» **ASSIGNMENT**: All entries are to be quoted exactly; the images stay out of the copy.

BEGIN SUPPLIED INFORMATION

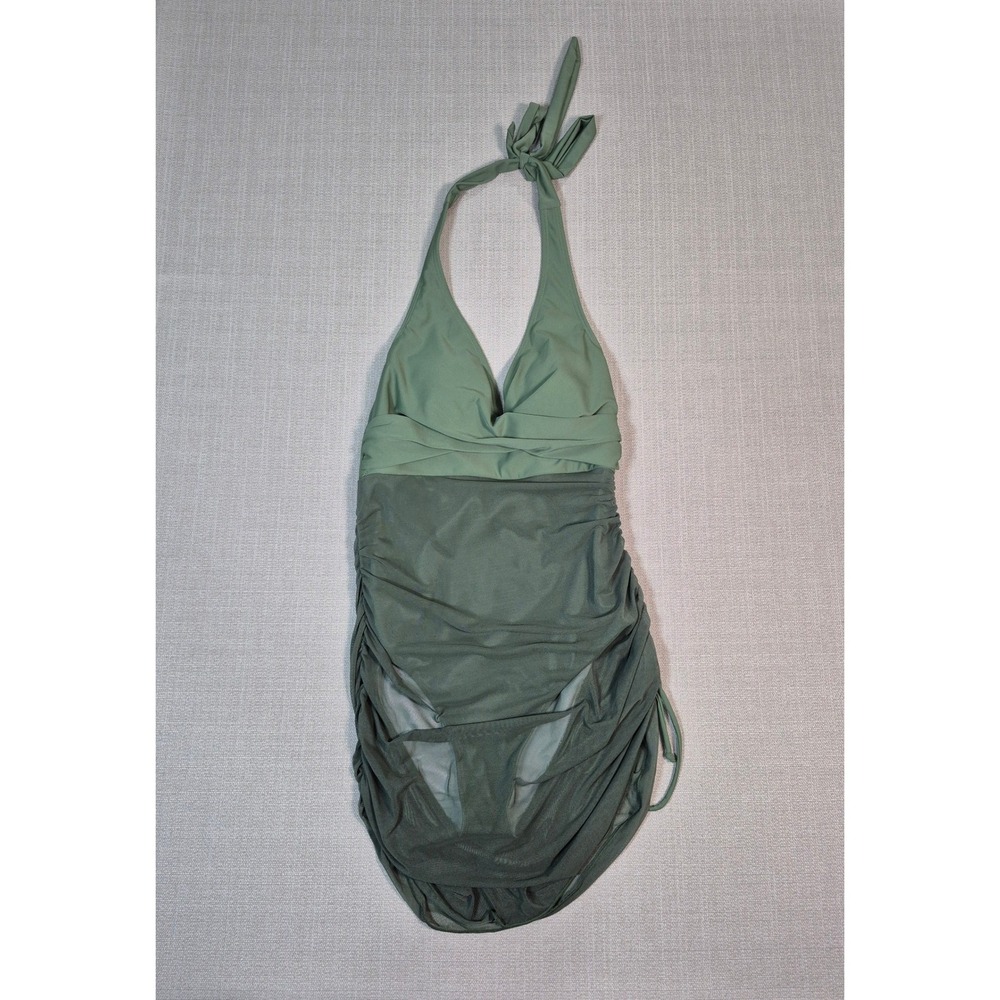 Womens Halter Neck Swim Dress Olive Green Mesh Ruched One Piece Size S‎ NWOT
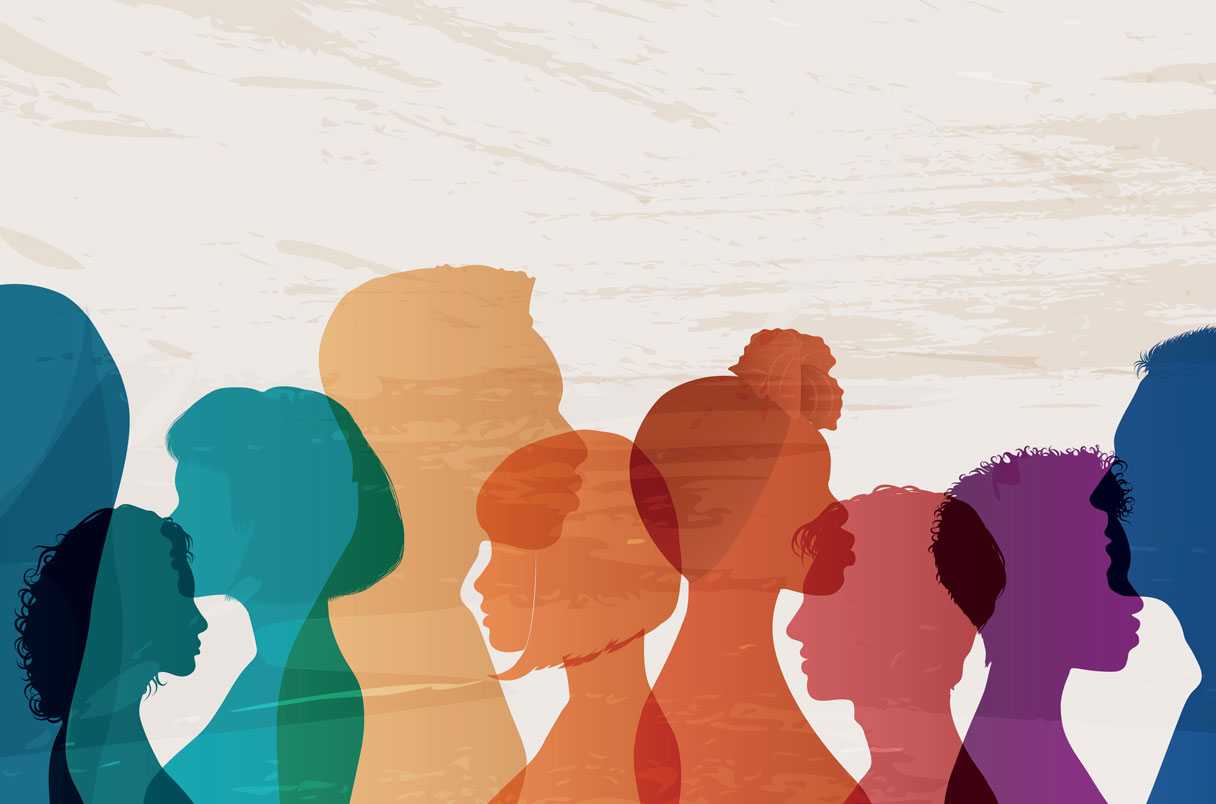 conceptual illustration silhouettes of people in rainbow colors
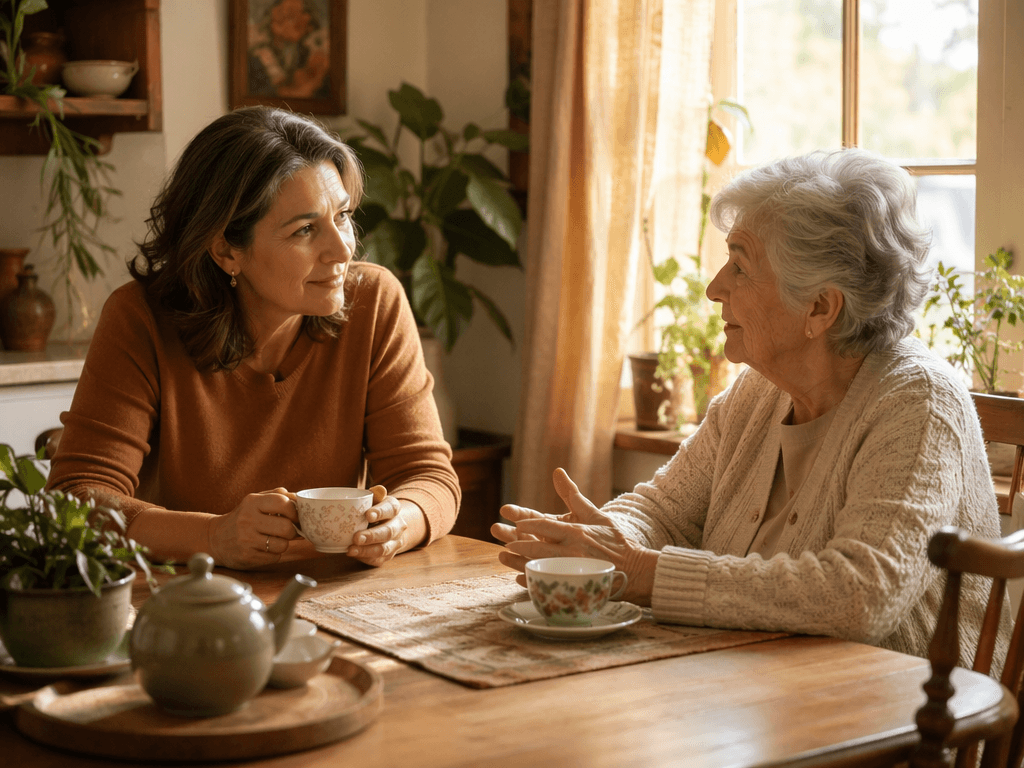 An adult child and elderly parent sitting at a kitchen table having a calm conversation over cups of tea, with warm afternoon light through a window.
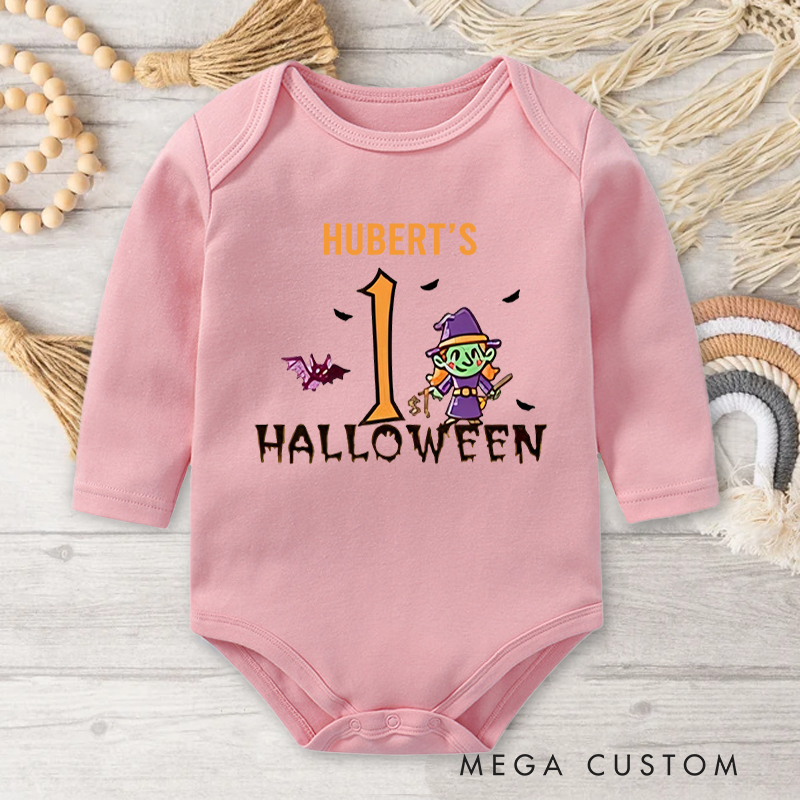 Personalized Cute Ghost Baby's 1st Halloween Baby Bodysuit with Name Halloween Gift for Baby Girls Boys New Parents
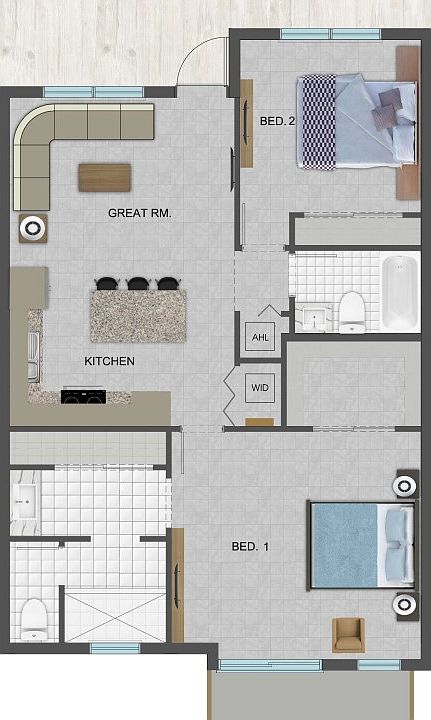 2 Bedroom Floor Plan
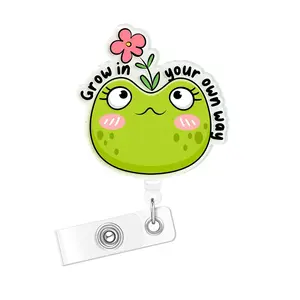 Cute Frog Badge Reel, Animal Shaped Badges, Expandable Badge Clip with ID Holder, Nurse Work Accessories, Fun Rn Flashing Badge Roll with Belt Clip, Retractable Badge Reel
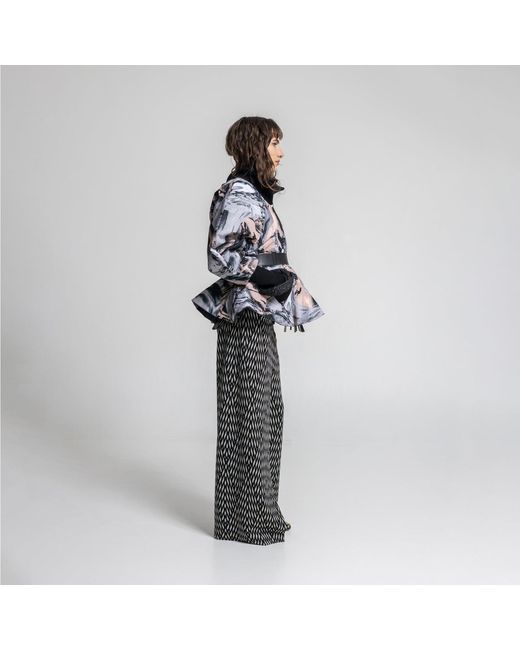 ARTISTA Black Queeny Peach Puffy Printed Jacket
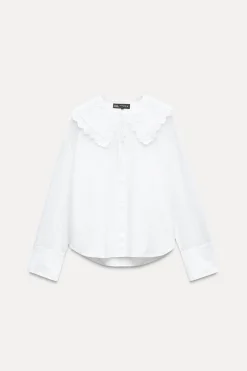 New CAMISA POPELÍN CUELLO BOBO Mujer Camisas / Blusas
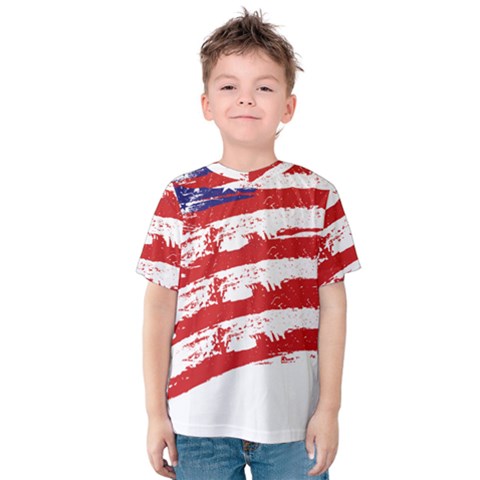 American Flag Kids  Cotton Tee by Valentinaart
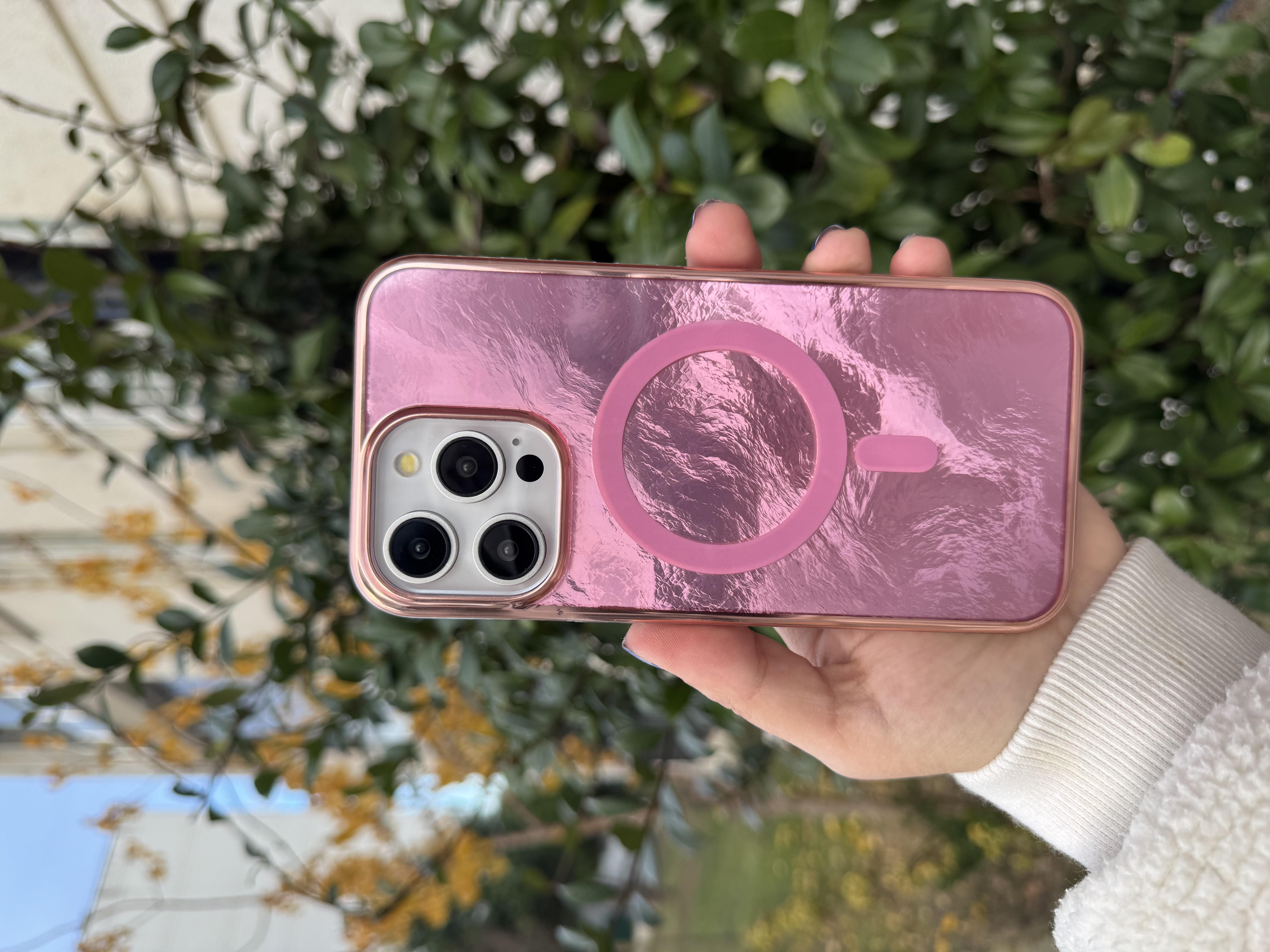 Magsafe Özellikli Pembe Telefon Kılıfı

END SUPPLIED INFORMATION

» **RESPONSE BELOW**:
 Womens Halter Neck Swim Dress Olive Green Mesh Ruched One Piece Size S‎ NWOT
 conceptual illustration silhouettes of people in rainbow colors
 An adult child and elderly parent sitting at a kitchen table having a calm conversation over cups of tea, with warm afternoon light through a window.
 Personalized Cute Ghost Baby's 1st Halloween Baby Bodysuit with Name Halloween Gift for Baby Girls Boys New Parents
 2 Bedroom Floor Plan
 Cute Frog Badge Reel, Animal Shaped Badges, Expandable Badge Clip with ID Holder, Nurse Work Accessories, Fun Rn Flashing Badge Roll with Belt Clip, Retractable Badge Reel
 ARTISTA Black Queeny Peach Puffy Printed Jacket
 New CAMISA POPELÍN CUELLO BOBO Mujer Camisas / Blusas
 American Flag Kids  Cotton Tee by Valentinaart
 Magsafe Özellikli Pembe Telefon Kılıfı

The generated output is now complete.